Repsol se ha unido a grandes petroleras en el proyecto europeo Castor, como explica uno de los responsables, Tore Torp, de la noruega Statoil. "La captura y almacenamiento de CO2  es una oportunidad mundial para reducir las emisiones y es interesante que haya empresas españolas investigando", explica la directora general de Cambio Climático del Ministerio de Medio Ambiente, Teresa Ribera.

Una portavoz de la empresa confirma que llevan cuatro años estudiando el lecho marino y que la difícil geología ha retrasado el proyecto, que se debe presentar a la Comisión Europea para que le dé el visto bueno.

La Fundación Ciudad de la Energía, en León; Elcogás, en Puertollano, o el Instituto Geológico y Minero tienen también proyectos de almacenamiento de CO2, pero ninguno tan espectacular como el de Repsol.

El Panel Intergubernamental de la ONU estima que el almacenamiento subterráneo permitiría captar entre el 20% y el 40% de las emisiones mundiales de dióxido de carbono. Este gas se acumula en la atmósfera, retiene parte del calor que emite la Tierra y calienta el planeta.

Se podrá enterrar por menos de 50 euros. Aunque aún sea caro, ninguna petrolera puede quedarse fuera de esta tecnología. A 110 dólares (70 euros) el barril de crudo, cualquier pozo se hace rentable.

Más seguro con los años

"Si no tienes un plan de captura y almacenamiento de CO2 no tienes un plan para combatir el cambio climático". La contundente frase pertenece a John Ashton, embajador del Reino Unido contra el cambio climático. Y la pronunció el jueves pasado en un seminario especial sobre la materia organizado por el Reino Unido en Trondheim (Noruega) al que invitó a algunos periodistas.

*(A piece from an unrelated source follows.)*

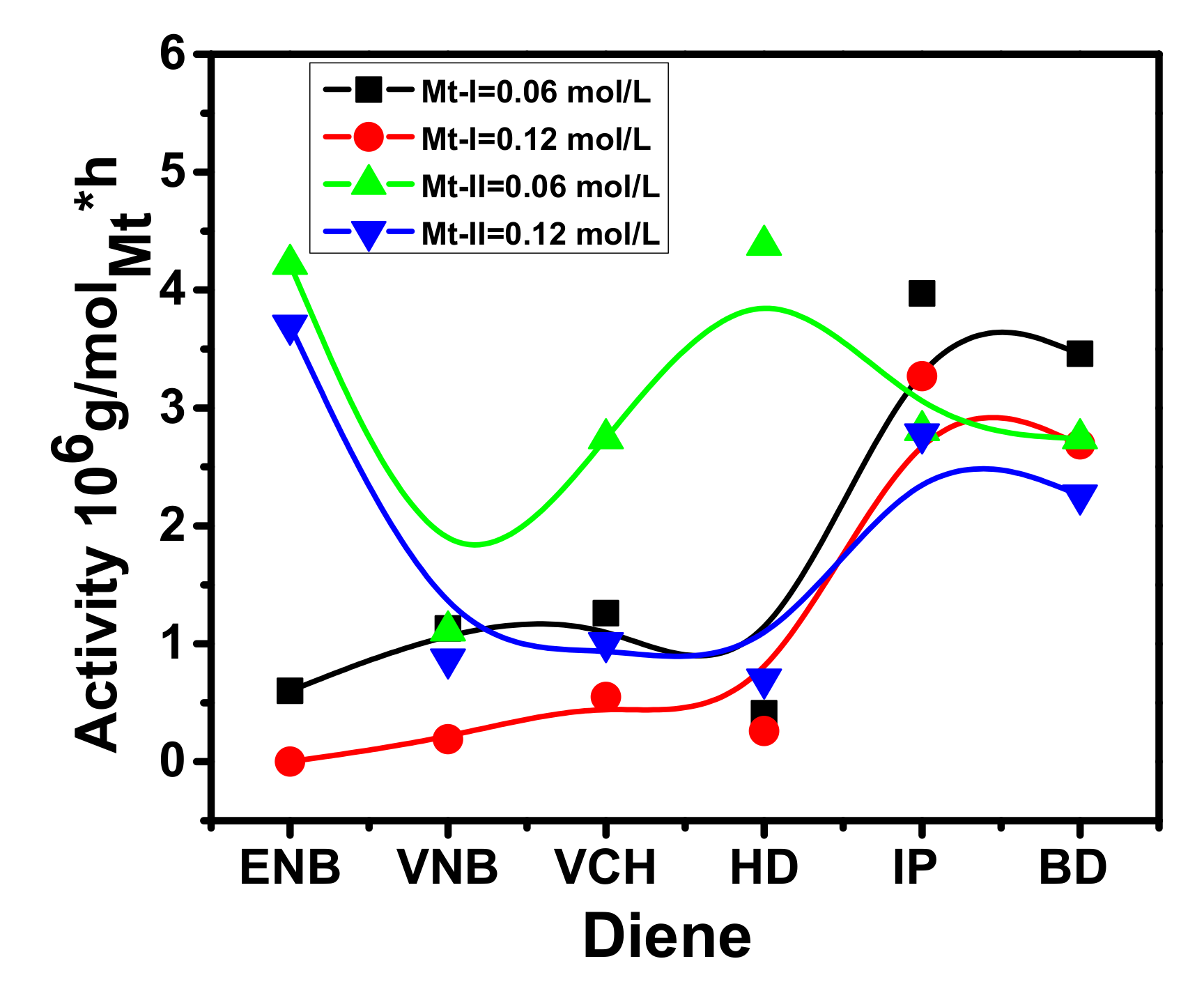 Molecules 26 02037 g002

Ashton insistió en que por mucho que avancen las energías renovables no podrán desplazar a los combustibles fósiles en décadas. Y que siendo así, y como especialmente China va a quemar carbón a gran escala, es necesario enterrar parte del CO2 si se quieren contener las emisiones de gases de efecto invernadero.

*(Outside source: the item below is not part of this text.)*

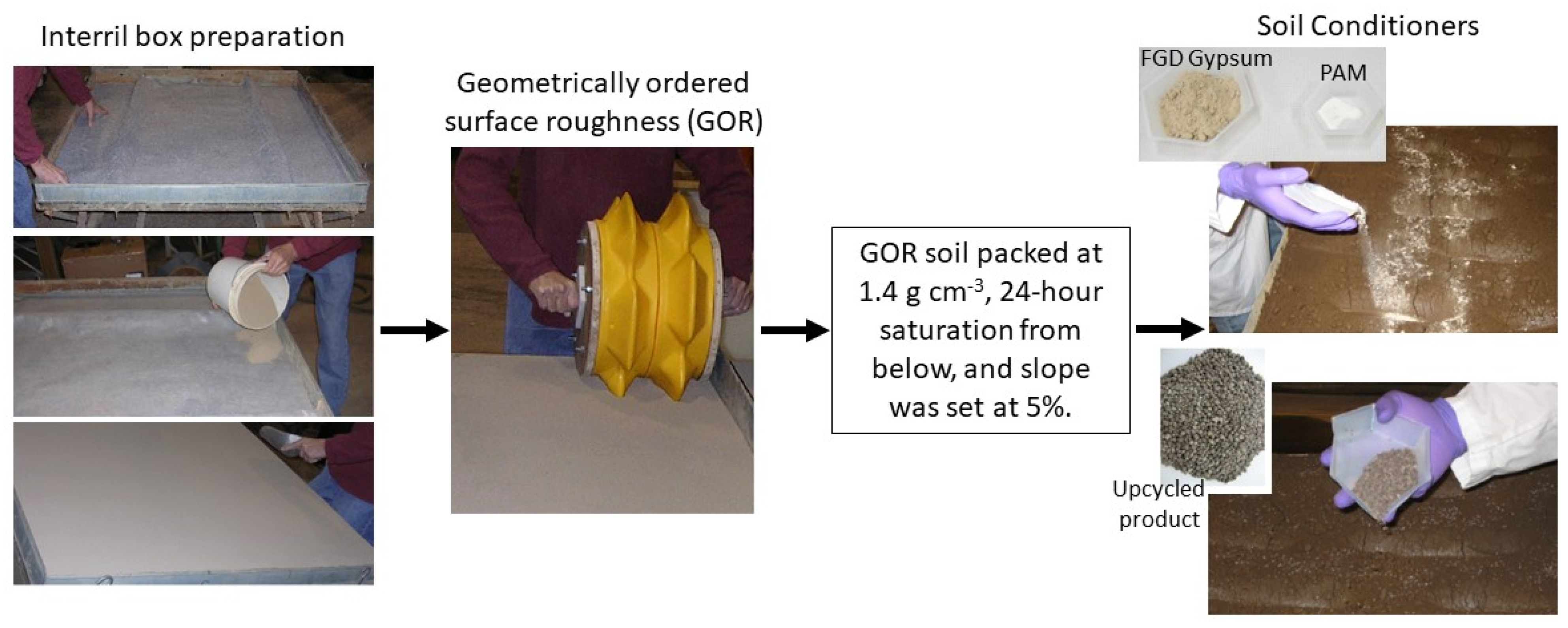 Sustainability 15 01977 g002 Sustainability 15 01977 g002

En el seminario, los científicos destacaron que desde hace más de 50 años se utilizan almacenamientos naturales del subsuelo para guardar gas natural sin que haya habido escapes. Niels Peter Christensen subrayó que existe uno de estos bajo Berlín sin que nadie lo note y destacó que el metano sí es explosivo y tóxico, no como el dióxido de carbono.

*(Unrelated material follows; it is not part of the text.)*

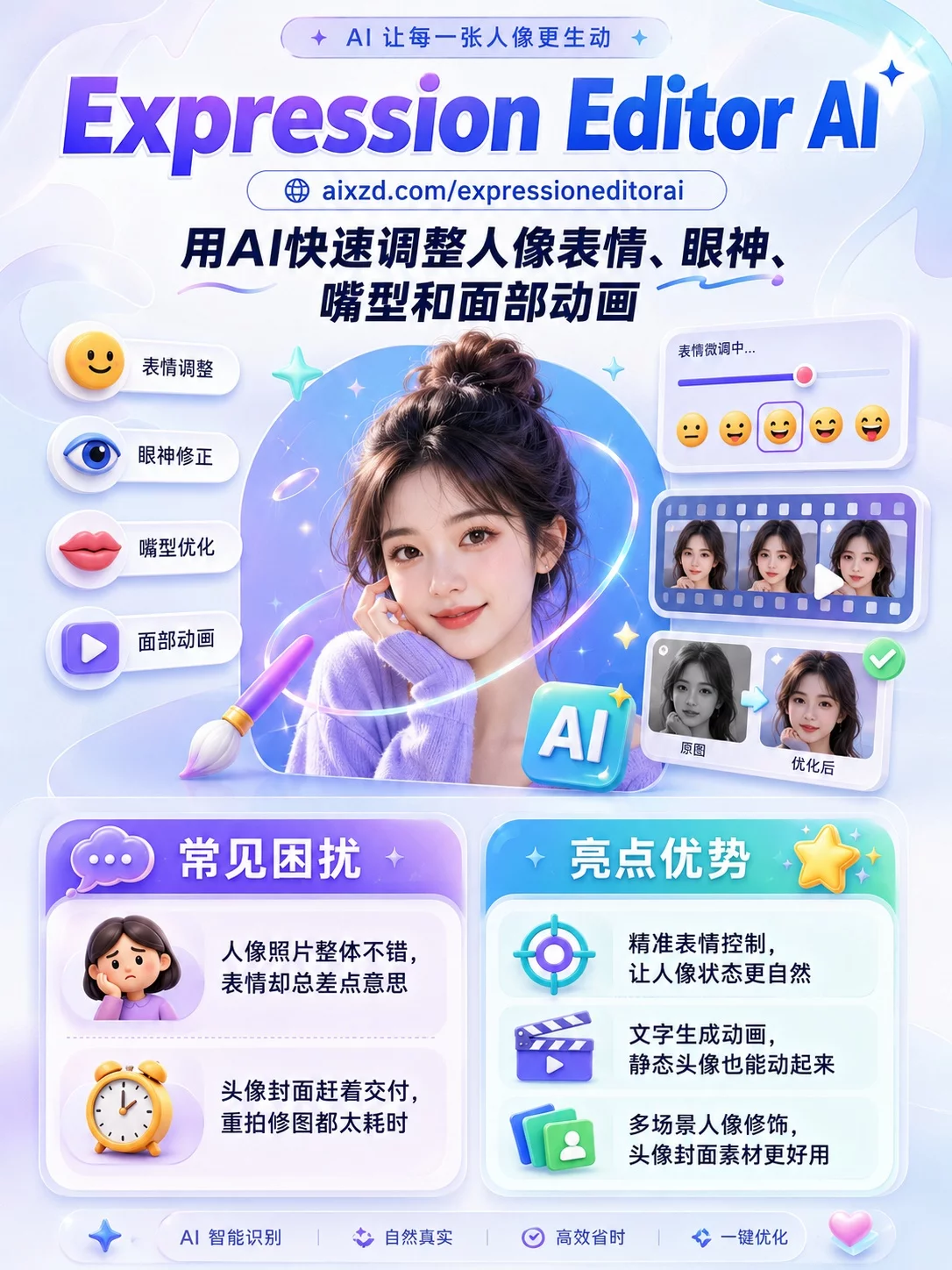 Expression Editor AI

Tore Torp, del programa de almacenamiento de la noruega Statoil, explicó que con el paso del tiempo el CO2 comprimido se va disolviendo en agua y tiende a irse al fondo, por lo que, "en contra de lo que intuitivamente se podría pensar, el almacenamiento es cada vez más seguro. Y si hubiera una fuga, sólo se perdería lo que se hubiera almacenado, pero no es peligroso".